Il a vécu dans de nombreux pays d'Afrique centrale, notamment au Gabon, où il a contribué à la création de l'Université de Libreville, mais aussi dans ce qui s'appelait alors le Zaïre et au Cameroun.

Yvon Siméon a également exercé dans la diplomatie de son pays. Il a ainsi représenté Haïti auprès de l'Union européenne et du royaume de Belgique. Proche d'Aristide au début des années 1990, il s'en était vite éloigné, au point de devenir l'un des opposants les plus irréductibles à son régime.

Après sa démission du gouvernement de transtion il a été nommé ambassdeur en Italie où il a été élu vice-président de LILA et ambassadeur au Bénin.


Yvon Siméon,
homme intègre, déterminé a sortir son pays de l'impasse où il se trouve a décidé de rompre le silence et de s'exprimer.

Au-delà d' un constat lucide et sans concession il livre dans cette déclaration ses propositions pour l'avenir d'Haïti.

Yvon Simeon est actuellement a Paris.

HAITI ultimes propositions d'Yvon SIMEON

Propositions ultimes

par Yvon Siméon

Le 12 janvier 2010, un séisme d’une grande magnitude a dévasté la République d’Haïti et détruit plusieurs de ses grandes agglomérations, dont Port-Au-Prince, la capitale. Les dégâts sont considérables : près de trois cent mille victimes et presque autant de blessés, plus d’un million cinq cent mille personnes déplacées, errant dans les campagnes ou sous des tentes de fortune.

La conséquence la plus visible de ce désastre est un indescriptible chaos. L’existence même du gouvernement, symbolisée par le continuum de son pouvoir régalien sur l’ensemble du territoire est, de facto, annihilée. Les haïtiens sont encore aussi désemparés qu’au premier jour.

En réalité, le tremblement a seulement joué un rôle de révélateur aggravant d’une situation préexistante. Le pays était déjà complètement bloqué depuis de nombreuses années, à travers le dysfonctionnement de ses institutions : appareil étatique- gouvernement administrations… Bien avant le cataclysme, elles étaient déjà à la dérive, désaccordées, maintenues facticement debout grâce à la présence des neuf mille hommes de la MINUSTAH, force d’intervention de l’ONU.

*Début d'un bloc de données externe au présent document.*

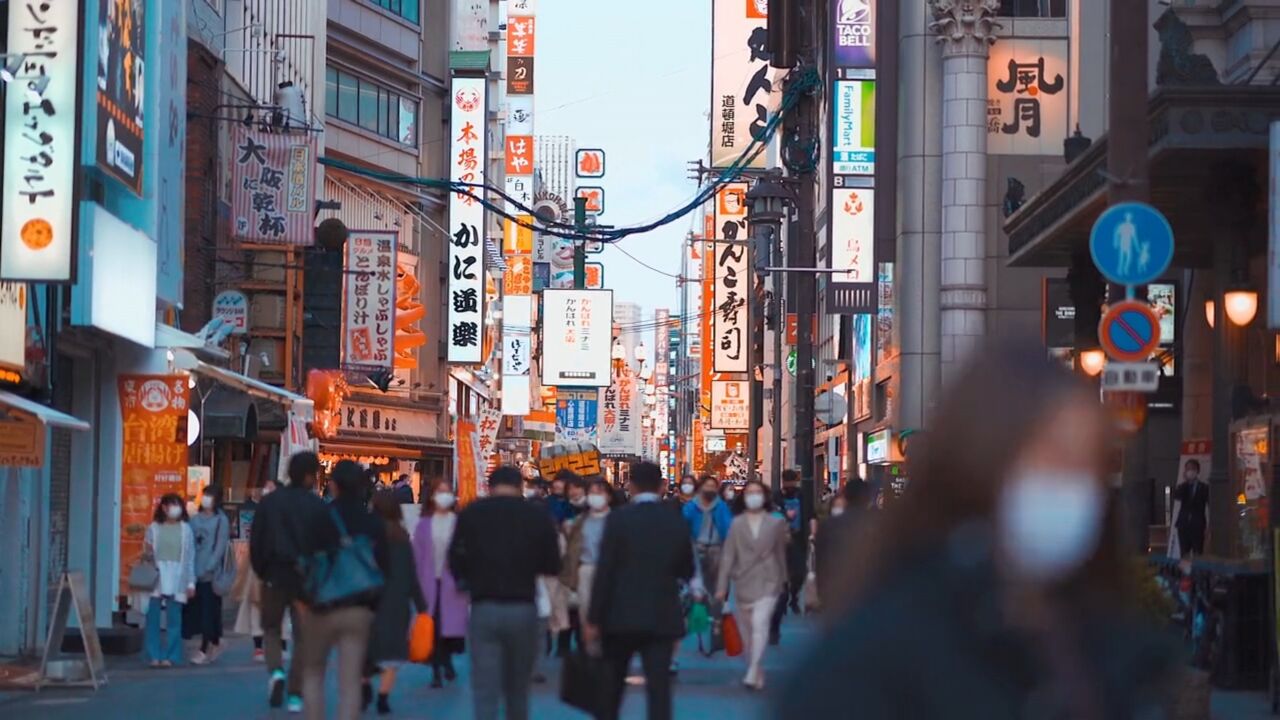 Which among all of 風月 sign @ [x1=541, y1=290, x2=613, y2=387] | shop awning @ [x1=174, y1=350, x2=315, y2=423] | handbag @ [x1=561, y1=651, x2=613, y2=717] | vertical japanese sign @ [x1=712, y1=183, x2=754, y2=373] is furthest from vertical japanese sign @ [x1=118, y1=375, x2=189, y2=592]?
vertical japanese sign @ [x1=712, y1=183, x2=754, y2=373]

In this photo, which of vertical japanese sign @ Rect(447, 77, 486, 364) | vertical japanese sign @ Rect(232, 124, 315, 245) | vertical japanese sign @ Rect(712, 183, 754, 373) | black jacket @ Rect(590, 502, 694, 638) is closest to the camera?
black jacket @ Rect(590, 502, 694, 638)

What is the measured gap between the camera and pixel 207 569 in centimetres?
2038

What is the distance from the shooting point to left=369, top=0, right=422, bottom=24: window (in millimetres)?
55719

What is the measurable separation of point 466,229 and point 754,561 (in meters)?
34.6

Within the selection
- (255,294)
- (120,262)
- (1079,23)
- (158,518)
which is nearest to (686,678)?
(158,518)

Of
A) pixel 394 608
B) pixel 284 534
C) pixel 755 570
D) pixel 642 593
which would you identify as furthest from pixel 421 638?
pixel 755 570

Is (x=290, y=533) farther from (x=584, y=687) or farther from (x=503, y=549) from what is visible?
(x=584, y=687)

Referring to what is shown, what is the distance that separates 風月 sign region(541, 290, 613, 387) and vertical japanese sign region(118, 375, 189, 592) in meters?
37.0

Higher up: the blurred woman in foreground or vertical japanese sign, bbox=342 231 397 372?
vertical japanese sign, bbox=342 231 397 372

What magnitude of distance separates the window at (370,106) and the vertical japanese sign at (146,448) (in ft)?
101

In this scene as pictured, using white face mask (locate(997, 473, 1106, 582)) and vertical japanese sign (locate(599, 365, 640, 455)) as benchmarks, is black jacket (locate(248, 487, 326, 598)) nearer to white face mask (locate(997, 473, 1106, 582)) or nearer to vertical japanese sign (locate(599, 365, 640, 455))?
white face mask (locate(997, 473, 1106, 582))

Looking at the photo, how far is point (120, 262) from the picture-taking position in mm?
20578

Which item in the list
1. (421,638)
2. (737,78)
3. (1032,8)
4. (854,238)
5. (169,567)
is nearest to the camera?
(421,638)

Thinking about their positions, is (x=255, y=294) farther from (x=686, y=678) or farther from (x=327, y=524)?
(x=327, y=524)
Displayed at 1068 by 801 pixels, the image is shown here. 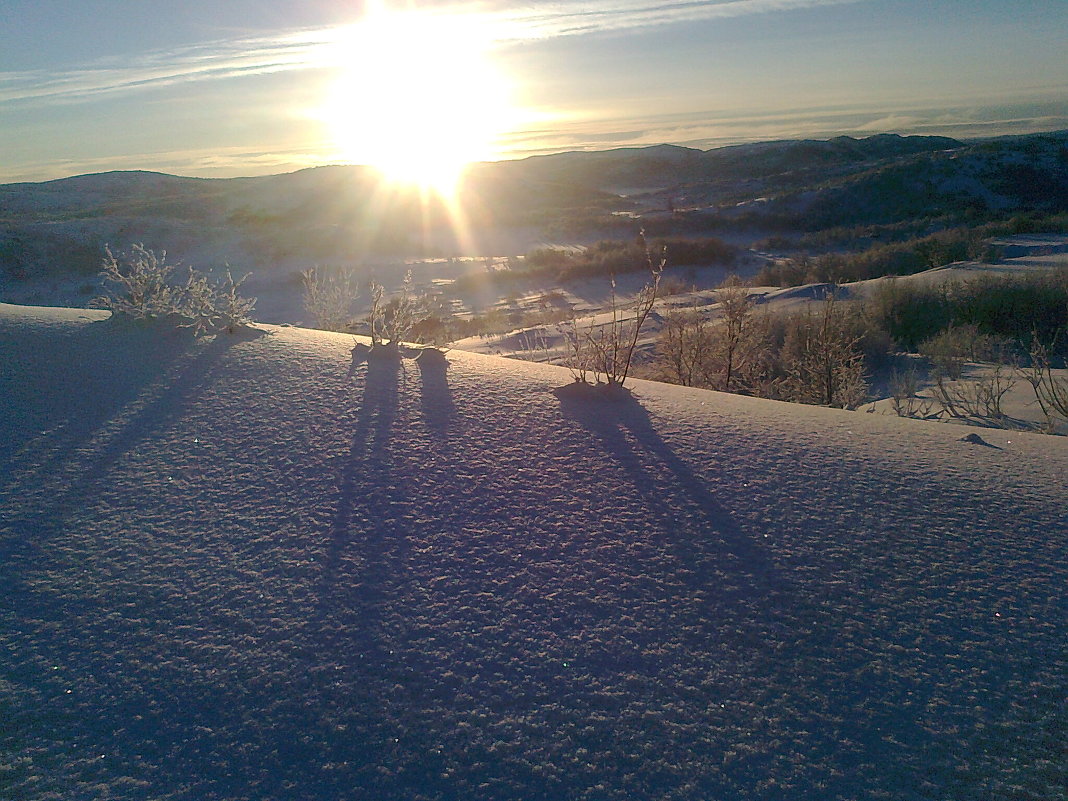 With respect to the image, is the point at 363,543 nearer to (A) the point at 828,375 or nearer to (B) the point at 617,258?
(A) the point at 828,375

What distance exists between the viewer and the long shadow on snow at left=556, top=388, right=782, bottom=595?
7.82 feet

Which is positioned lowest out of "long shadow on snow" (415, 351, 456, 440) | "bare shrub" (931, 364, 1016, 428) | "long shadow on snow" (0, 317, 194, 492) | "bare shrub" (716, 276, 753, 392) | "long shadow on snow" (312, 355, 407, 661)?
"bare shrub" (931, 364, 1016, 428)

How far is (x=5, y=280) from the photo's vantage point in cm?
2433

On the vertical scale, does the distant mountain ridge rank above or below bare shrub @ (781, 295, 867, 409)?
above

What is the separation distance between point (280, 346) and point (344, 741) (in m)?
3.47

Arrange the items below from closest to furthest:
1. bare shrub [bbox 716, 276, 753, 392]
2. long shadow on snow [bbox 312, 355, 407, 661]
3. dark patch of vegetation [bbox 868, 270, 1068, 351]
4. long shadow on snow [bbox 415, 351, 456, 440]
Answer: long shadow on snow [bbox 312, 355, 407, 661]
long shadow on snow [bbox 415, 351, 456, 440]
bare shrub [bbox 716, 276, 753, 392]
dark patch of vegetation [bbox 868, 270, 1068, 351]

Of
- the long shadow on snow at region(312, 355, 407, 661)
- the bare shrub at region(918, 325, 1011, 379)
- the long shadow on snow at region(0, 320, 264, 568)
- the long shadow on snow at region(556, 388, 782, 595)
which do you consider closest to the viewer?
the long shadow on snow at region(312, 355, 407, 661)

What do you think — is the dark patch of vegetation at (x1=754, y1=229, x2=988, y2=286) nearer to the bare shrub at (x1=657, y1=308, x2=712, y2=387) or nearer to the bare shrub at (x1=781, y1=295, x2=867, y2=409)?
the bare shrub at (x1=657, y1=308, x2=712, y2=387)

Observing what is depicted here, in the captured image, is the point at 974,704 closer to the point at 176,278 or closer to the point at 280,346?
the point at 280,346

Beaucoup d’éléments peuvent expliquer la longévité historique d’un tel phénomène. La nation était devenue, au fil du temps, la juxtaposition de plusieurs entités auxquelles les gouvernements successifs n’ont jamais été soucieux d’accorder la moindre cohérence pour, dans une unité nationale patiemment construite, créer une synergie collective, orientée vers le développement économique et social.
Car Haïti représente une exception dans les Amériques, un pays spécifique, une mosaïque à nette prédominance africaine. Ce n’est pas par hasard si la manifestation culturelle organisée par l’UNESCO à Paris le 8 juin 2010 a été intitulée : « HAITI, une révolution africaine en Amérique Latine et dans les Caraïbes ».

Mais la spécificité haïtienne ne s’arrête pas là. En deux cent six ans , cette portion d’île est devenue un monstre macrocéphale, hyper centré sur sa capitale, Port-Au-Prince, où toutes les activités se retrouvent agglutinées. De ce fait, le reste du pays s’est progressivement anémié. Sous administré, il est complètement dépourvu d’infrastructures publiques. L’intégration nationale n’a pas été réalisée. Il existe très peu de liaisons modernes entre les communautés locales disséminées sur le territoire.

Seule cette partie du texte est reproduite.